[What to do]
Please repeat the lines below, exactly and only, from the one that holds "fini della soddisfazione finale del cliente" through the one that holds "1622430981772274.png".

[Records supplied]
== Segment start ==

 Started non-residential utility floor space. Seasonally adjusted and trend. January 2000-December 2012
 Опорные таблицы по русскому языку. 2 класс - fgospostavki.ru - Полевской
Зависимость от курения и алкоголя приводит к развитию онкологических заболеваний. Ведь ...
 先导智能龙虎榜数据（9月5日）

== Segment end ==
== Segment start ==

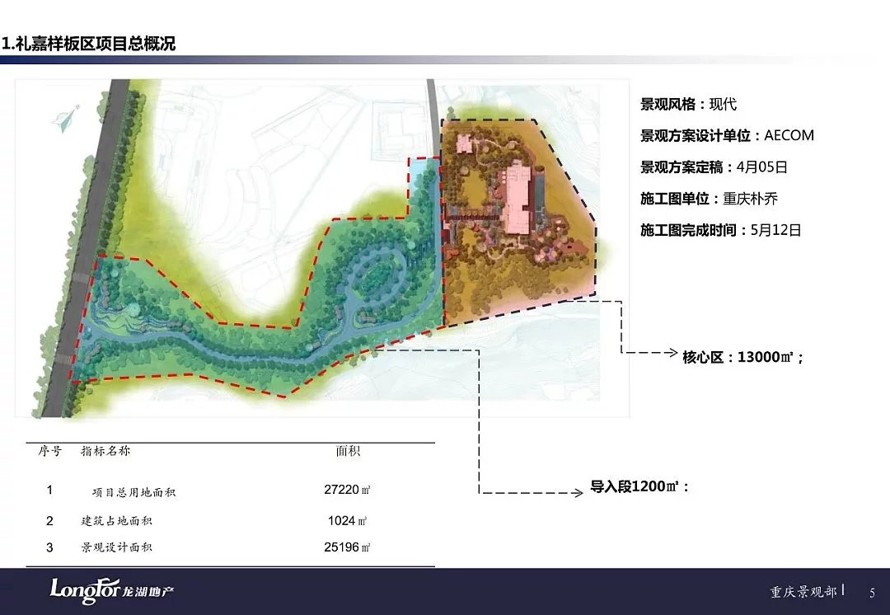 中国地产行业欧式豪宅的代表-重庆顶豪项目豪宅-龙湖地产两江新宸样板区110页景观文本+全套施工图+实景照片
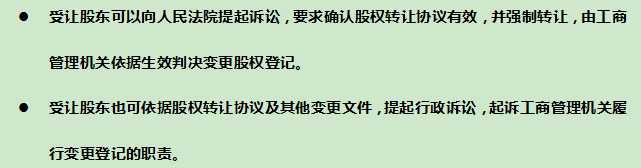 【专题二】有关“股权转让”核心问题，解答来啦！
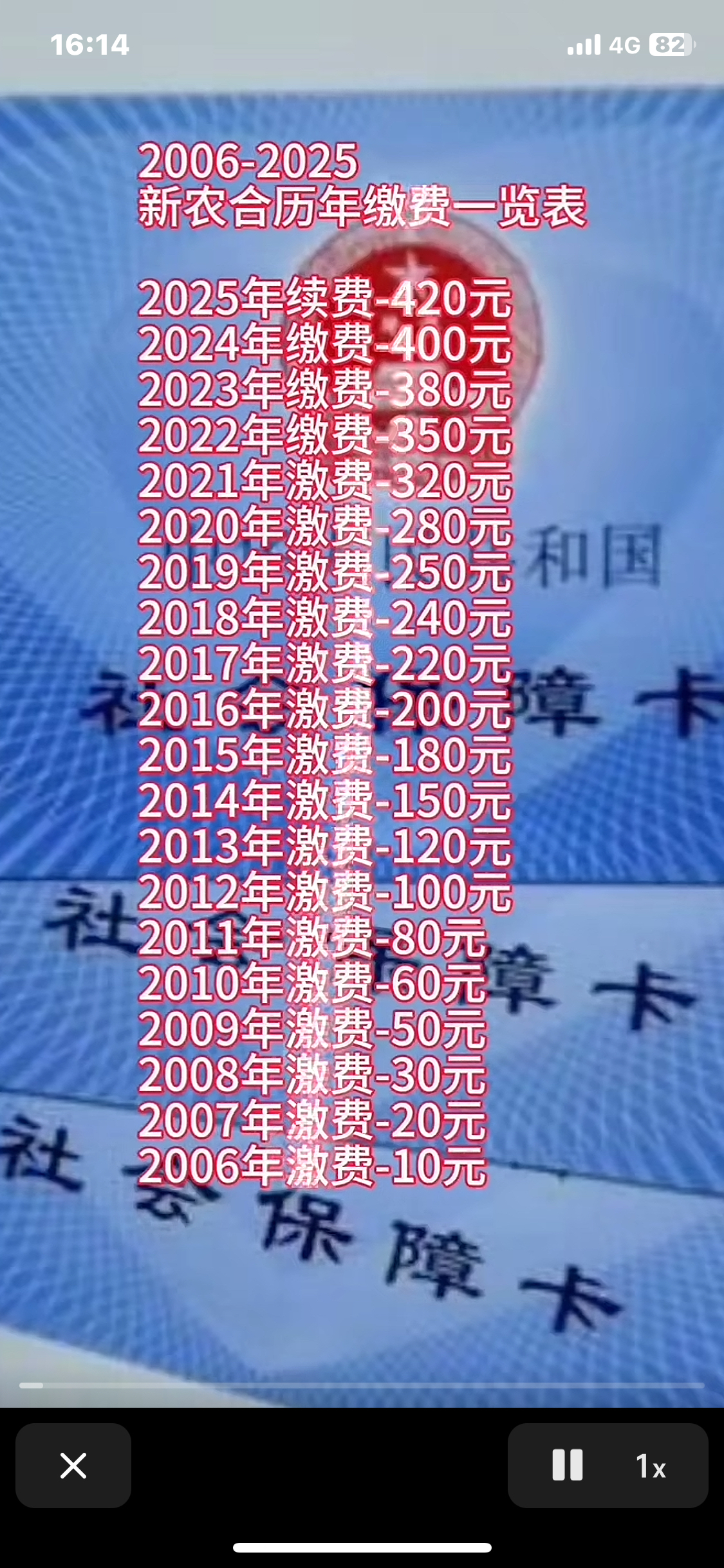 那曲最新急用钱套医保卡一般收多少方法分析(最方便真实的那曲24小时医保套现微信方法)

== Segment end ==
== Segment start ==

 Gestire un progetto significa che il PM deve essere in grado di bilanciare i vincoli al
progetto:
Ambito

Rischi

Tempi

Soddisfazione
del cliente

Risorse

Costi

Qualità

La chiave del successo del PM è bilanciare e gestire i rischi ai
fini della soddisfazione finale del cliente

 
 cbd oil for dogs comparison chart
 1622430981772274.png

== Segment end ==

[Solution]
fini della soddisfazione finale del cliente

 
 cbd oil for dogs comparison chart
 1622430981772274.png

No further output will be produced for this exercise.